Parameter estimation of inspiralling compact binaries using 3.5 post-Newtonian gravitational wave phasing: The non-spinning case

TL;DR

This paper analyzes how higher post-Newtonian orders affect parameter estimation of non-spinning inspiralling compact binaries in gravitational wave signals, highlighting improvements and oscillations in accuracy at different PN orders.

Contribution

It provides a detailed study of the impact of extending the PN phasing formula up to 3.5PN on parameter estimation accuracy for non-spinning binaries.

Findings

Higher PN orders improve mass parameter estimates but oscillate with each half-PN step.

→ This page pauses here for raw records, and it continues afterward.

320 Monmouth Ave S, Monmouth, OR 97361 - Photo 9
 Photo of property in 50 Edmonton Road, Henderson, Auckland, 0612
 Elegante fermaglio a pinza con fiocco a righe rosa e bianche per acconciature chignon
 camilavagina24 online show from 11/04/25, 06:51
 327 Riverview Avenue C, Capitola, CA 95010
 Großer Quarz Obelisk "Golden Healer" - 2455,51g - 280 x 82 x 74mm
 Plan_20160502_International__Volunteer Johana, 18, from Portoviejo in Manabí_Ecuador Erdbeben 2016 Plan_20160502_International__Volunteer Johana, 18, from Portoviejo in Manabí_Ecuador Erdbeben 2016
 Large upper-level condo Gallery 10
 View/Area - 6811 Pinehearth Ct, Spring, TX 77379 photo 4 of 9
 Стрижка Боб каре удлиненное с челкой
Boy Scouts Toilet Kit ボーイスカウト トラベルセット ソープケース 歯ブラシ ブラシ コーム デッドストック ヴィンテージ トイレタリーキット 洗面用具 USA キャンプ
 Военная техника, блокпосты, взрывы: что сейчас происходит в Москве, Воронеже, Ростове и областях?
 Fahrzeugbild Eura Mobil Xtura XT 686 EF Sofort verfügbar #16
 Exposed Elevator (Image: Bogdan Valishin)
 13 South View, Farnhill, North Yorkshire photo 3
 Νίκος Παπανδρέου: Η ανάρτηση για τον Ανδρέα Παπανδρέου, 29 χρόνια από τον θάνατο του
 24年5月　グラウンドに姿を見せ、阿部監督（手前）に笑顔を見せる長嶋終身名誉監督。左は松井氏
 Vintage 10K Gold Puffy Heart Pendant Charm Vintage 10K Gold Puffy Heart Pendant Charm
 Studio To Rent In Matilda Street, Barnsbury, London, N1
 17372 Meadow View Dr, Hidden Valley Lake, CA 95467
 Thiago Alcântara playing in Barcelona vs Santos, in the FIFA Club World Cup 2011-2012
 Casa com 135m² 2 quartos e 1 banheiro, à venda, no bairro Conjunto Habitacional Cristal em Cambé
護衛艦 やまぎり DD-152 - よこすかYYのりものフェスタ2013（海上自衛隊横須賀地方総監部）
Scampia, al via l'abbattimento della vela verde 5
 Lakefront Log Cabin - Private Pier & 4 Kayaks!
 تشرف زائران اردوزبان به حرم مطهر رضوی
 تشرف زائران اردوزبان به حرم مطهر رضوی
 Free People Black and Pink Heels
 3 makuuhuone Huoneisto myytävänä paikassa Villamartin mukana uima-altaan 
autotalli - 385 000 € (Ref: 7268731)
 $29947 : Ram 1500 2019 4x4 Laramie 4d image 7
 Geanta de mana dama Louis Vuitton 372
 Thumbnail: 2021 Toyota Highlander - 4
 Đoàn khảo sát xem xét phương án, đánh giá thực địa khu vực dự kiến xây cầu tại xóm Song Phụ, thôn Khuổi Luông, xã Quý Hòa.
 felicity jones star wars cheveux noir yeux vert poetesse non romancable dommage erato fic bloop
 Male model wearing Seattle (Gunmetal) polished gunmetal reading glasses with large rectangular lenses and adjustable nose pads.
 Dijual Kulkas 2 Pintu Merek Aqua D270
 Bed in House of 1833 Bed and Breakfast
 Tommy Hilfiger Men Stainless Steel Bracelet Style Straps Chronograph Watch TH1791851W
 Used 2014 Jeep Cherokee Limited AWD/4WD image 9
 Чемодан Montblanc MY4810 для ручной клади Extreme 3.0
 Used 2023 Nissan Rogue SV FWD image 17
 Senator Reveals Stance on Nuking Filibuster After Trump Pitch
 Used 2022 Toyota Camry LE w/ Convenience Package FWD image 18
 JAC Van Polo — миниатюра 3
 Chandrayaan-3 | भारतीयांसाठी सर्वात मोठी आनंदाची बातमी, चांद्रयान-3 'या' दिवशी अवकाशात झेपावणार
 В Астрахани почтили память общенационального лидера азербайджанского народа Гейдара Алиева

Advanced LIGO achieves lower errors for fixed sources due to greater sensitivity.

Parameter estimation errors are smaller for VIRGO at fixed SNR.

Abstract

(Abridged) We revisit the problem of parameter estimation of gravitational-wave chirp signals from inspiralling non-spinning compact binaries in the light of the recent extension of the post-Newtonian (PN) phasing formula to order $(v/c)^7$ beyond the leading Newtonian order. We study in detail the implications of higher post-Newtonian orders from 1PN up to 3.5PN in steps of 0.5PN ($\sim v/c$), and examine their convergence. In both initial and advanced detectors the estimation of the chirp mass (${\cal M}$) and symmetric mass ratio ($\eta$) improve at higher PN orders but oscillate with every half-a-PN order. We compare parameter estimation in different detectors and assess their relative performance in two different ways: at a {\it fixed SNR,} with the aim of understanding how the bandwidth improves parameter estimation, and for a {\it fixed source}, to gauge the importance of sensitivity. Errors in parameter estimation at a fixed SNR are smaller for VIRGO than for both initial and advanced LIGO. However, for sources at a fixed distance it is advanced LIGO that achieves the lowest errors owing to its greater sensitivity. Finally, we compute the amplitude corrections due to the `frequency-sweep' in the Fourier domain representation of the waveform within the stationary phase approximation and discuss its implication on parameter estimation.